**INSTRUCTIONS TO FOLLOW:** Your copy should hold every record verbatim and none of the pictures.
== Segment start ==
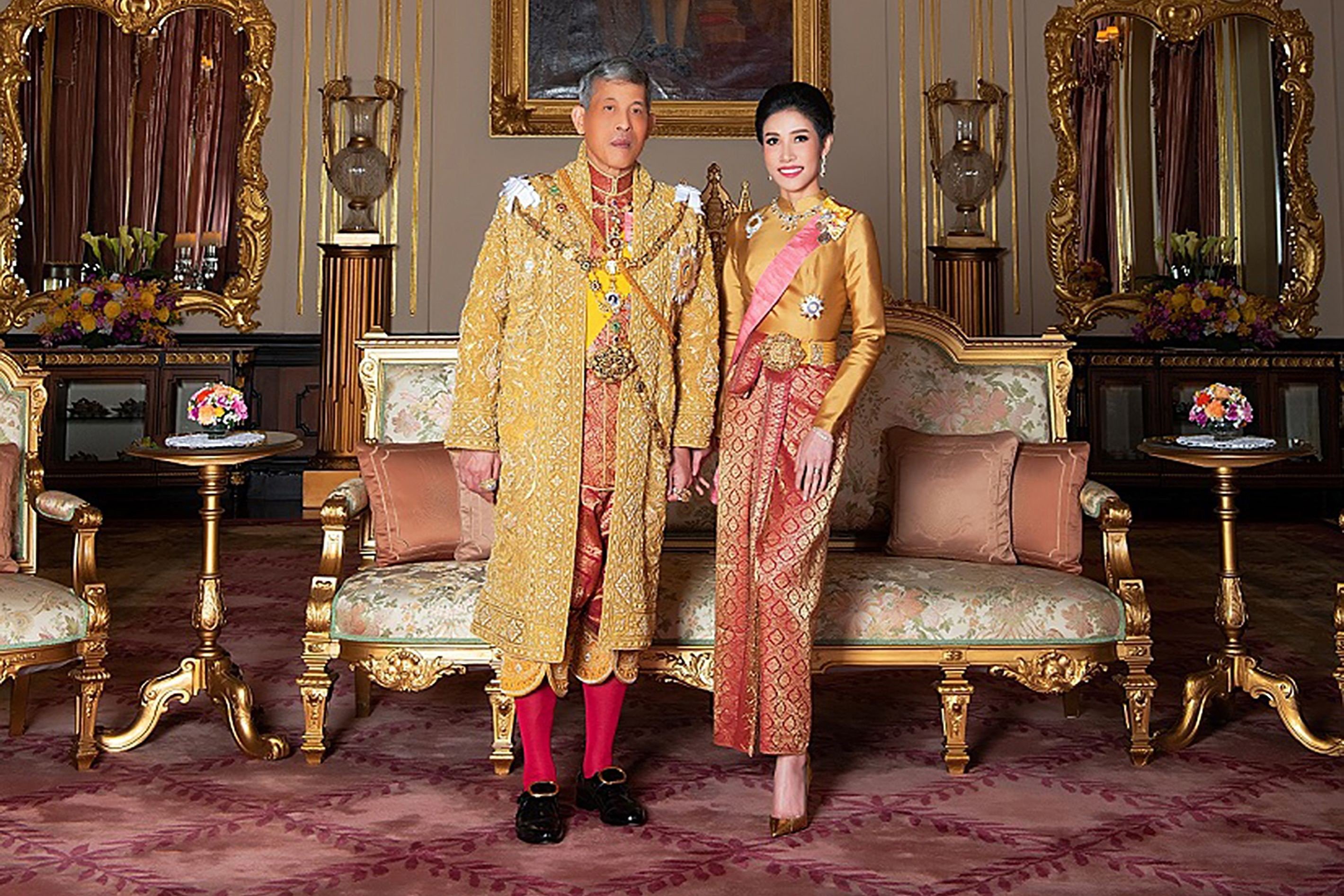 Thailand's King Maha Vajiralongkorn poses with former royal noble consort Sineenat Bilaskalayani, also known as Sineenat Wongvajirapakdi, who was dramatically stripped of all her royal titles by the palace on October 21 – a shock move less than three months after she was bestowed with a position that had not been used for nearly a century. Photo: AFP/Thailand’s Royal Office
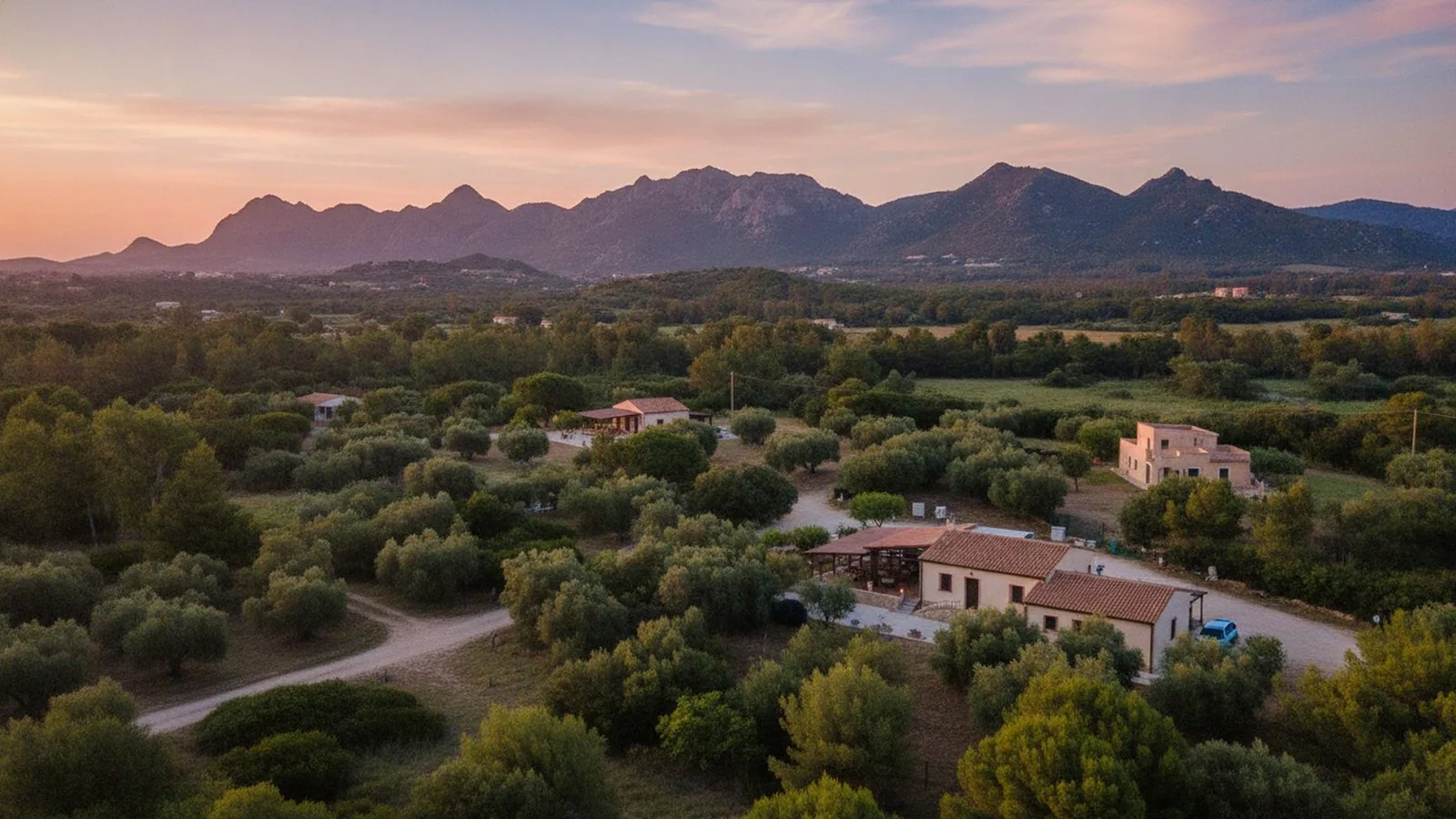 La campagna verso Cala Sinzias, tra case sparse e macchia mediterranea, con le montagne sullo sfondo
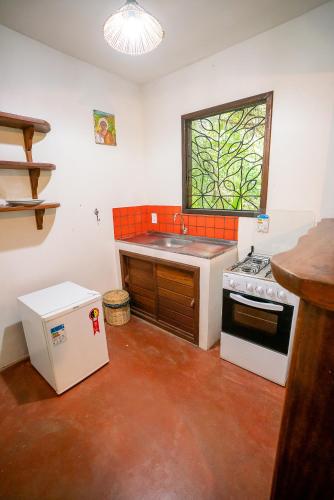 a kitchen with a sink and a stove at Anjali in Ilha de Boipeba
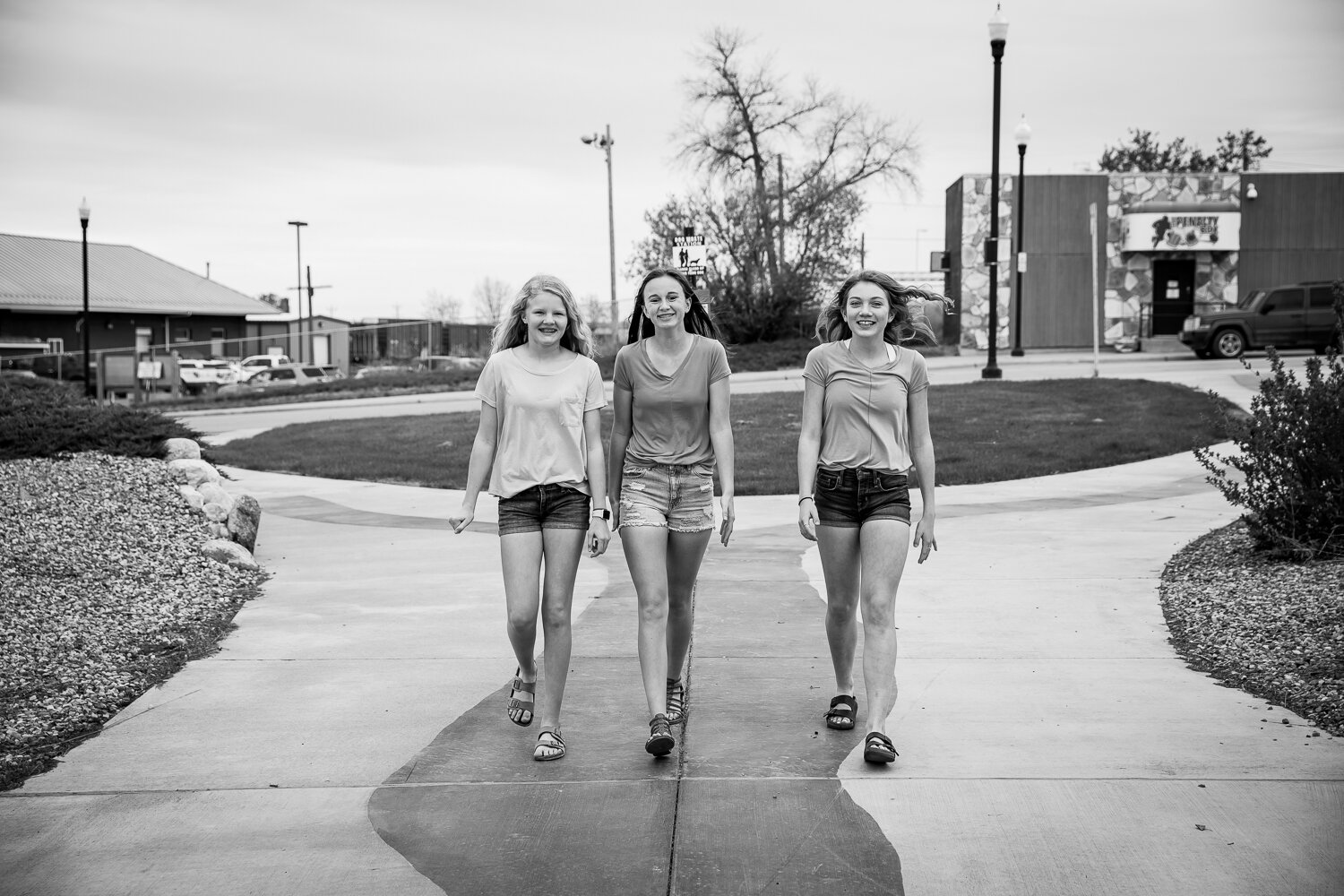 Black and white of 3 teen girls walking 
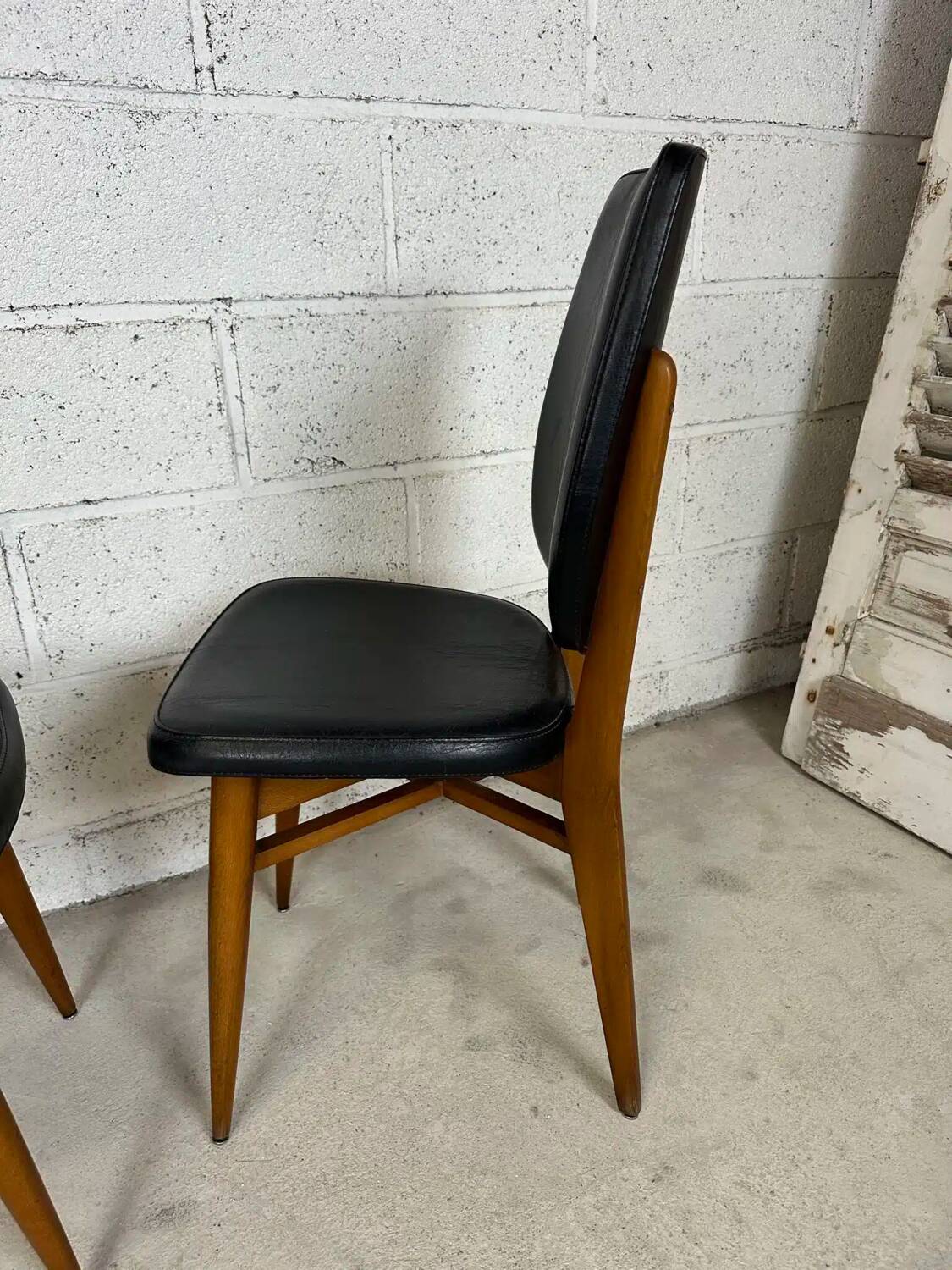 Set of 4 vintage chairs in black leatherette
== Segment end ==
**RESULT OF THIS TASK:**
 Thailand's King Maha Vajiralongkorn poses with former royal noble consort Sineenat Bilaskalayani, also known as Sineenat Wongvajirapakdi, who was dramatically stripped of all her royal titles by the palace on October 21 – a shock move less than three months after she was bestowed with a position that had not been used for nearly a century. Photo: AFP/Thailand’s Royal Office
 La campagna verso Cala Sinzias, tra case sparse e macchia mediterranea, con le montagne sullo sfondo
 a kitchen with a sink and a stove at Anjali in Ilha de Boipeba
 Black and white of 3 teen girls walking 
 Set of 4 vintage chairs in black leatherette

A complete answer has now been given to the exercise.